Saat ini, populasi orang utan semakin menurun. Tidak hanya karena diperjual belikan, tetapi juga ada faktor lain, seperti berkurangnya hutan primer akibat kebakaran, pembalakan, dan konversi lahan.
Orang utan merupakan satwa yang tidak bisa hidup di hutan tanaman industri seperti sawit atau kayu. Lantaran hutan primer berkurang, satwa ini kian terdesak.
Ketika jumlah orang utan terus menurun, keadaan ini bisa meningkatkan risiko kerusakan ekosistem dan perubahan iklim. Melihat keadaan ini, Wisnu merekomendasikan berbagai langkah konkret.
"Perlindungan kawasan hutan, penguatan hukum, pendanaan khusus untuk konservasi, serta pendirian pusat rehabilitasi orang utan di berbagai titik," urainya.
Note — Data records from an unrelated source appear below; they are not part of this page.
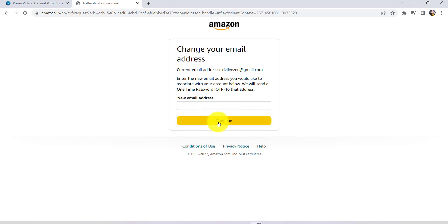Once you have done that, click on Continue. After that, a one-time passcode will be sent to that address. Enter the one-time passcode in the field that will be provided to you next, and after that you will finally be able to change the email address associated with your Amazon account.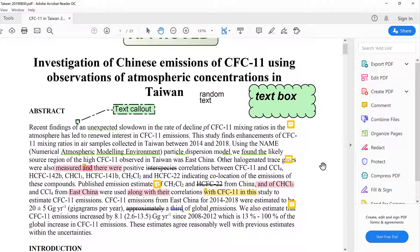In this video I have shown you how to make comments in Adobe Reader, and that is everything.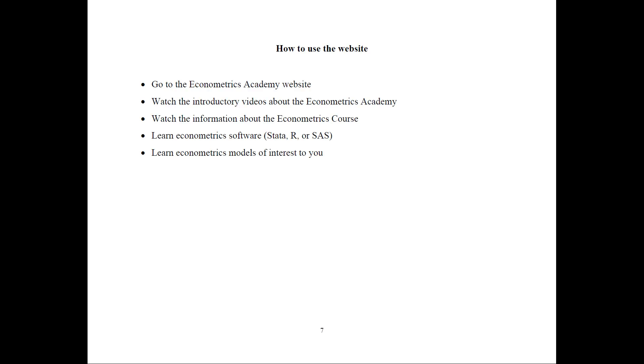I teach in Stata, R or SAS. If you don't already know that, you can watch the introductory videos. And then you're ready to start learning econometrics models that are of interest to you.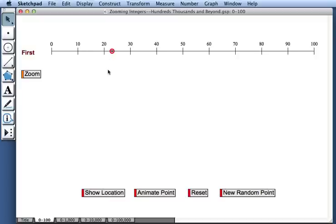Now imagine we had a magnifying glass and could zoom in on this portion of the line between 20 and 30 to get a better look at this point's location.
Ia juga menekankan pentingnya melibatkan generasi muda di kegiatan riset, pendidikan, dan pengabdian masyarakat. UGM sendiri, memiliki kelompok mahasiswa yang khusus bergerak di bidang konservasi satwa.
"Seperti Kelompok Studi Satwa Liar FKH, Himpunan Mahasiswa Konservasi Sumberdaya Hutan, dan lain-lain. Upaya ini harus terus diperluas agar tumbuh kesadaran kolektif menjaga orang utan sebagai warisan bangsa," tandasnya.